This could actually give Mercurial a big edge over Git for development environments where large binary files are a core part of your workflow - like game development. Products like Perforce are a big hit in games precisely because they are really good at handling this specific class of file.
It's a shame, because I hate using Mercurial, but this would give me a very strong reason to use it for my game projects instead of Git.
Mercurial "just works", and its commands are less arcane.
To be fair, git is now much easier to use. But also to be fair, mercurial has become much more powerful. In mercurial, doing straightforward things is simple, and doing complicated things is more complex, which is the way it should be IMHO
It even has rebase, although one might argue that is not a great differentiating feature for a REPOSITORY
Why would I have to type that? I have been using git for 4 years and never had to type git-update-cache --add or copying .git/FETCH_HEAD. Are you spreading FUD?
Union-merging is insane and thus should take some insane understanding of what you're doing before you can do it. Anyone that's merging two unrelated repositories should understand what's going on under the hood anyways.

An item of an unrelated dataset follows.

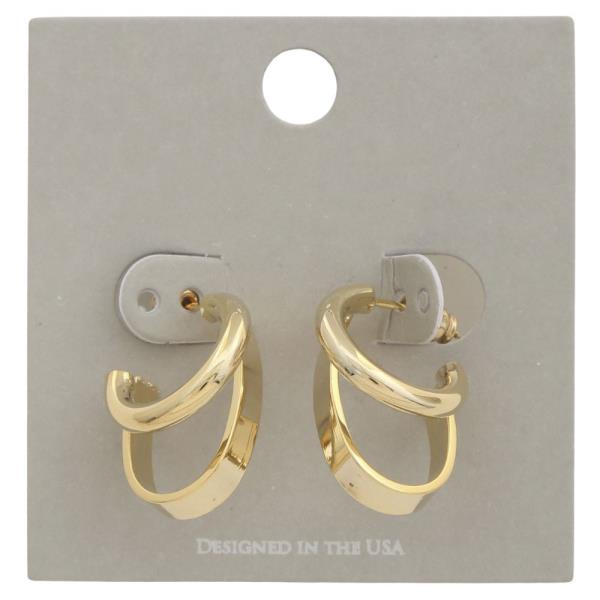 DOUBLE HOOP METAL EARRING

What you're doing in git actually makes sense, since a normal pull is just fetch+checkout+merge+commit, you have to go into the plumbing and trick every step of the way to fetch, checkout, and merge using the wrong repositories. In the future, this could be made porcelain as it has been in hg, but do people really want to do this? It's much safer and saner to use submodules for 99% of use cases.

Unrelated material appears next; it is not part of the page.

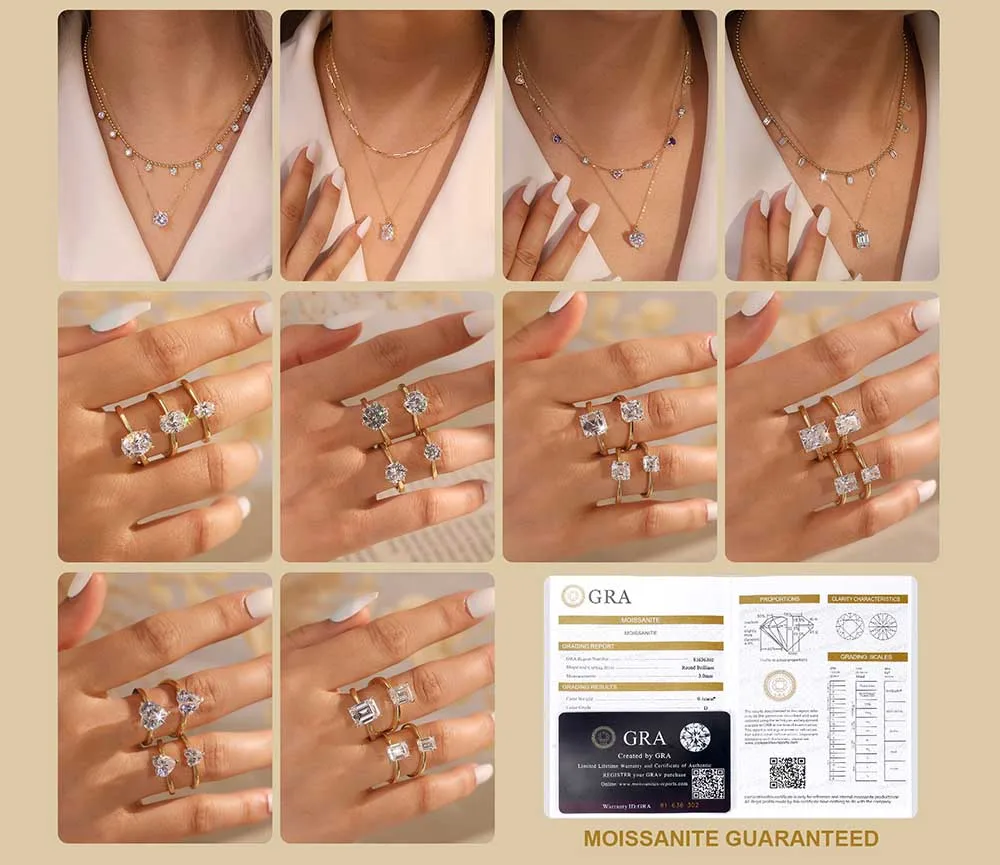 Rinntin Moissanite Diamond Heart Pendant 1-4CT 925 Sterling Silver Chain Necklace Party Choker Fine Jewelry Accessories SMON08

I still think people prefer git to mercurial these days (if we ignore github) for the same reason they prefer vim because real programmers use butterflies. http://xkcd.com/378/
What in particular do you hate about Mercurial? I'm curious as a contributor to hg if there's anything in particular that might be fixable (obviously there are some sacred cows, but many things can be fixed just by turning on an extension).
There are lots of little usability issues I hate, but it's not really fair to call those the reason, since git has similar usability issues.
It really all comes down to patch queues: They're awful. They're so awful that they make me dread writing code and make me wish I was using Subversion or CVS. Any time I need to move changes that aren't ready for trunk yet from one machine to another I can expect to spend hours figuring out what went wrong with mq this time and probably lose some work.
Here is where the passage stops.